• _WHAT THE TASK REQUIRES_
Line by line, restate the material word for word, omitting any image.

• _DATA BLOCK_
# # # #
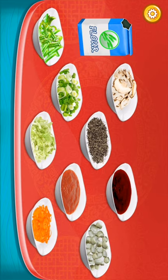Okay, we need flour, some spices, tomato sauce, chili sauce, and then carrots, sliced carrots, pepper, and some mushrooms. Okay, let's go. Whatever we have.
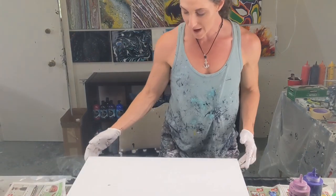Hey everyone, it's Sarah. Welcome back to Colorful Creations. I'm going to do a painting for you today on a 20 by 24 gallery wrapped canvas.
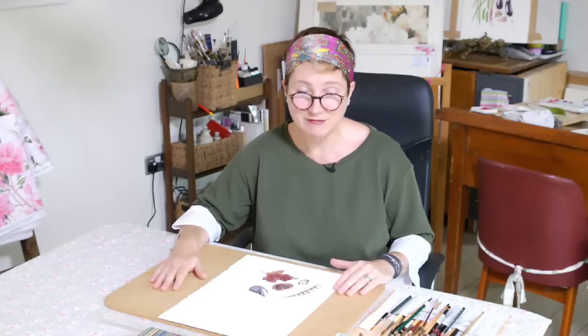Hi, this week, following all of your lovely requests, we're doing a tutorial on composition. So I'm going to talk you through how to make your paintings into really nice pictures. Hopefully you'll enjoy that and you can have a nice little rest and catch up on all the past tutorials.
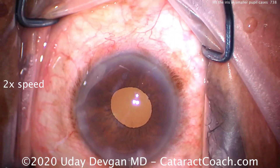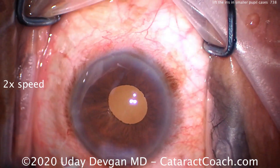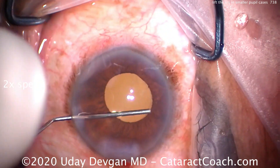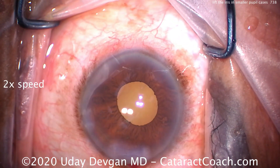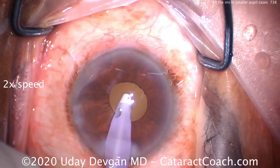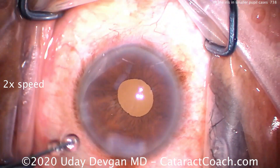Remember, if you leave a little bit of cortex there in the capsular bag, it swells overnight. And by the next morning on post-op day one when you see the patient, that little piece of cortex is going to become a big fluffy piece of hydrated cortex. And if it's a nuclear chip, you're probably going to have to go back inside the eye to remove it.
# # # #
• _SOLUTION FOR THIS PROBLEM_
Okay, we need flour, some spices, tomato sauce, chili sauce, and then carrots, sliced carrots, pepper, and some mushrooms. Okay, let's go. Whatever we have.
Hey everyone, it's Sarah. Welcome back to Colorful Creations. I'm going to do a painting for you today on a 20 by 24 gallery wrapped canvas.
Hi, this week, following all of your lovely requests, we're doing a tutorial on composition. So I'm going to talk you through how to make your paintings into really nice pictures. Hopefully you'll enjoy that and you can have a nice little rest and catch up on all the past tutorials.
Remember, if you leave a little bit of cortex there in the capsular bag, it swells overnight. And by the next morning on post-op day one when you see the patient, that little piece of cortex is going to become a big fluffy piece of hydrated cortex. And if it's a nuclear chip, you're probably going to have to go back inside the eye to remove it.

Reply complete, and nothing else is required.